Advanced Computer Vision: Wed, April 6

Monday, April 4, 2016

Wed, April 6 - Visual Madlibs

Visual Madlibs: Fill in the blank Description Generation and Question Answering. Licheng Yu, Eunbyung Park, Alexander C. Berg, Tamara L. Berg. ICCV, 2015.

project page, pdf

Another note -- attendance hasn't been great and many people are arriving to class late. It's vital to have people present for discussions. I do take attendance and as the syllabus says it is part of your grade.

22 comments:

UnknownApril 5, 2016 at 7:04 PM
Abstract:

The paper presents alternate task of guided captioning and multiple choice question answer for combining natural language and computer vision modalities. They have used MS COCO images as their basic images and used mechanical turk to generate fill in the blank type captions. They have also given analysis that the coverage of their description is higher than MS COCO captions. They also have questions that asks the past and future of image scene, which would require a deeper understanding of answer. Finally they have shown some baseline results for the task.

Discussion:

1) How does this dataset compare to VQA in terms of ability of capturing scene understanding?

2) Is there any work where people tried to combine natural language and computer vision modality with knowledge base?
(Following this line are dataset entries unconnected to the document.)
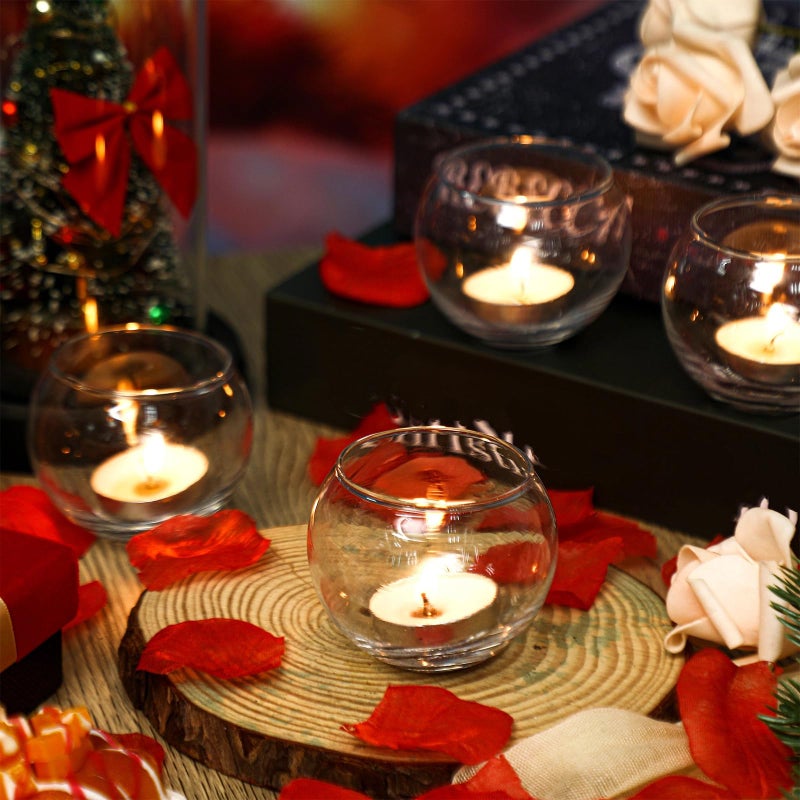Uiifan 36 Pcs Clear Votive Candle Holder 1.97'' x 2.17'' Bulk Glass Tea Lights Round for Wedding Candle Jars Holder for Wedding Table Centerpiece Party Birthday Home Decoration - Image 3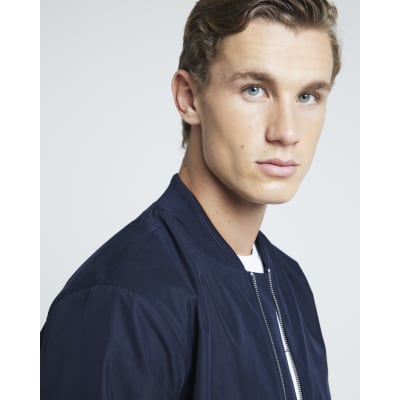 Navy regular fit zip up bomber jacket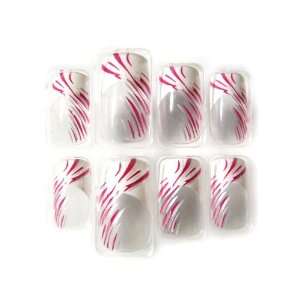   Stripes & White French Tip Glue/Stick/Press On Artificial/False Nails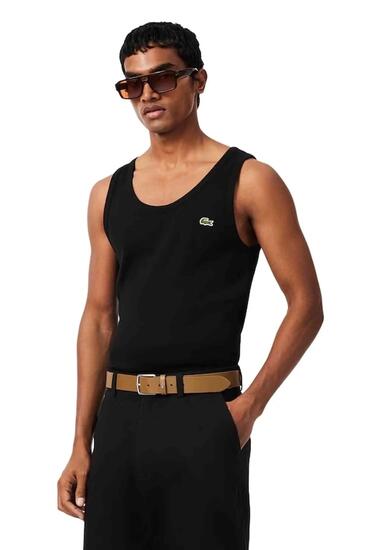 Lacoste Herren schwarzes eng anliegendes Baumwoll-Rippen-Tanktop – XS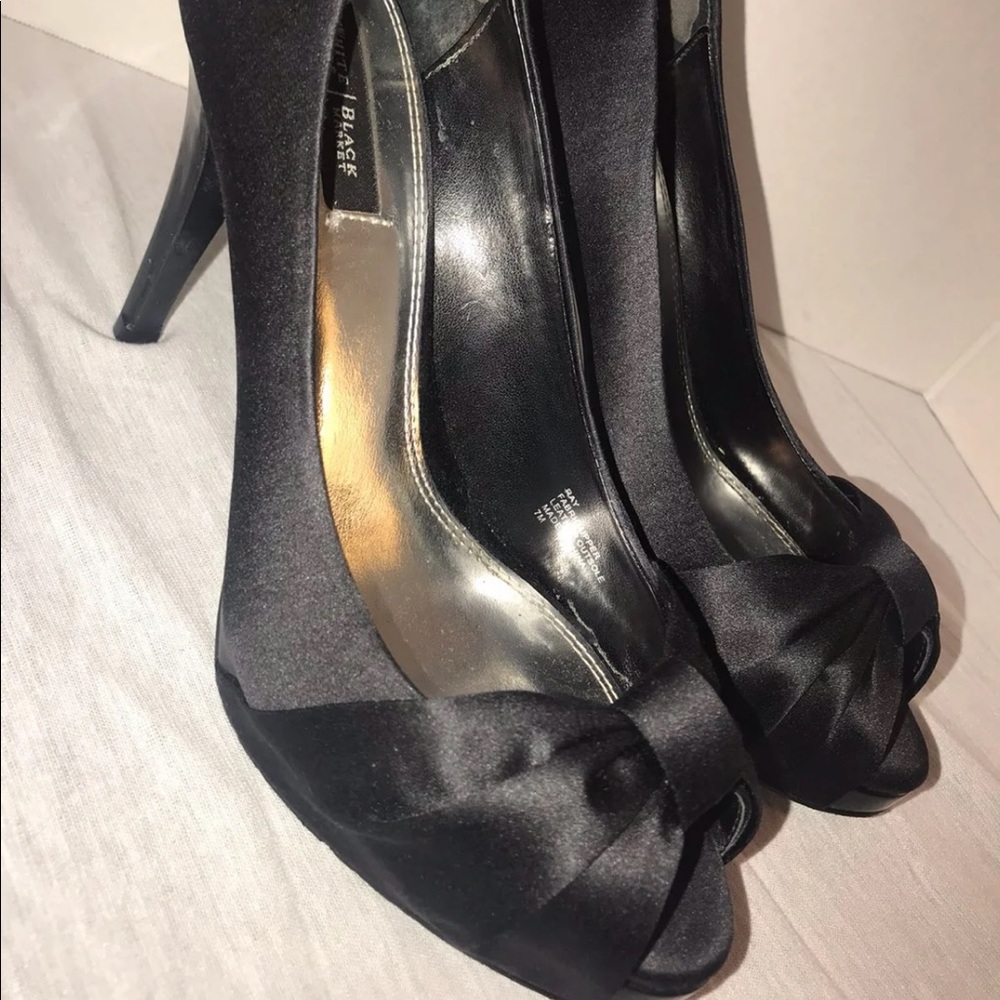 WHBM Sexy black satin heels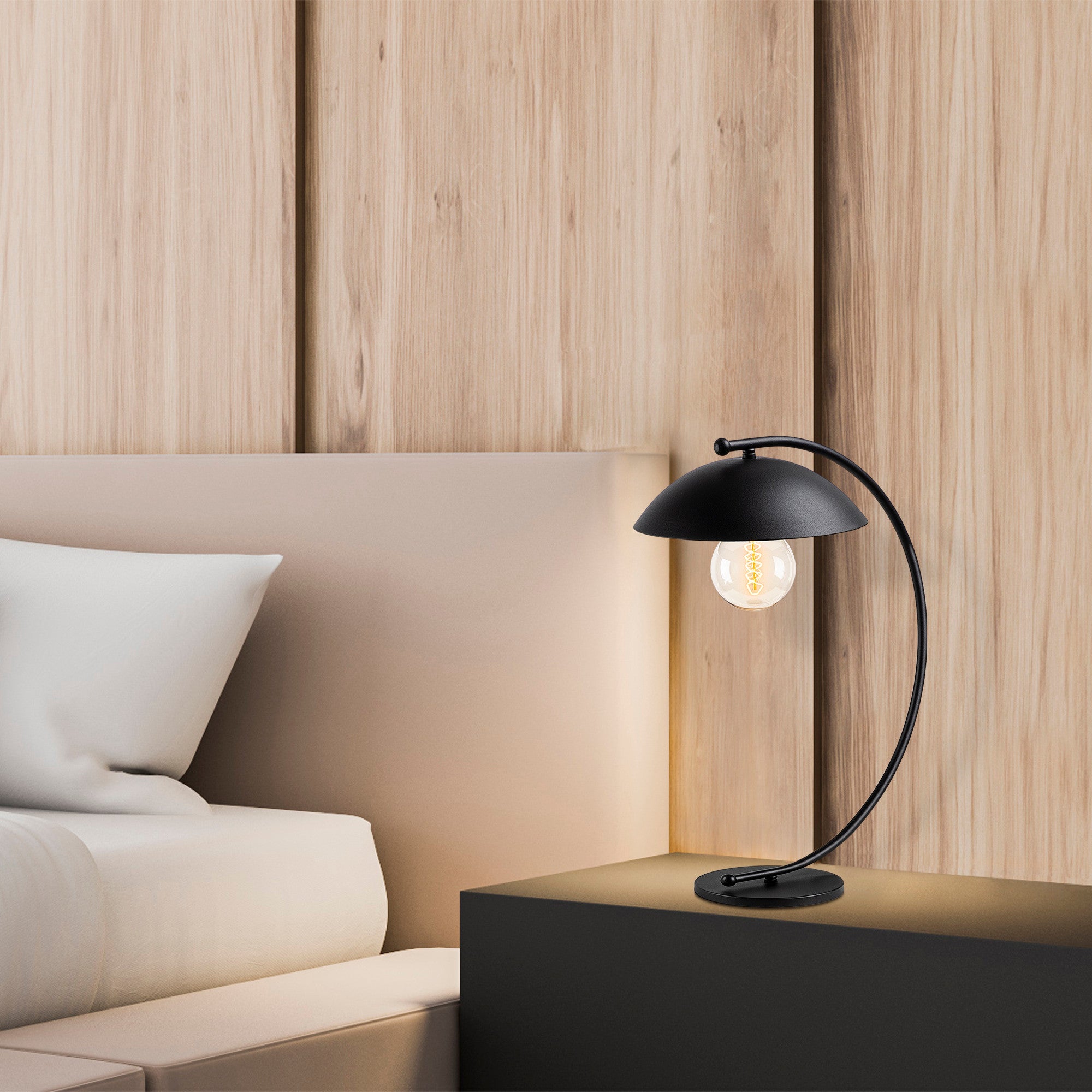 Candeeiro de Mesa preta elegante, corpo de metal, 26 x 43 cm, altura 55 cm | Soquete E27, 40 W máx., cabo de 250 cm, interruptor liga/desliga | Ideal para decoração industrial e escandinava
Because it seems like many of these questions require real world knowledge which can come only from KB's. This is being explored in NLP QA tasks but not sure about such visual QA tasks.
ReplyDelete
Replies
John TurnerApril 5, 2016 at 9:37 PM
This paper presents a captioned dataset built of 10k human-centered images from MS-COOC using a fill-in-the-blank strategy that leverages existing captioning to construct candidate sentences missing important descriptive terms relating to the image, allowing for a Turk worker to either provide the missing text or select from a list of choices. Multiple algorithms were also tested on performing tasks, both easy and hard multiple choice (determined by the sources of the choices presented) and fill in the blank, and their results were presented.

Questions/Discussion :
1) How can inherently subjective questions provide any kind of salient information about an image? (i.e. "This image makes me feel _________").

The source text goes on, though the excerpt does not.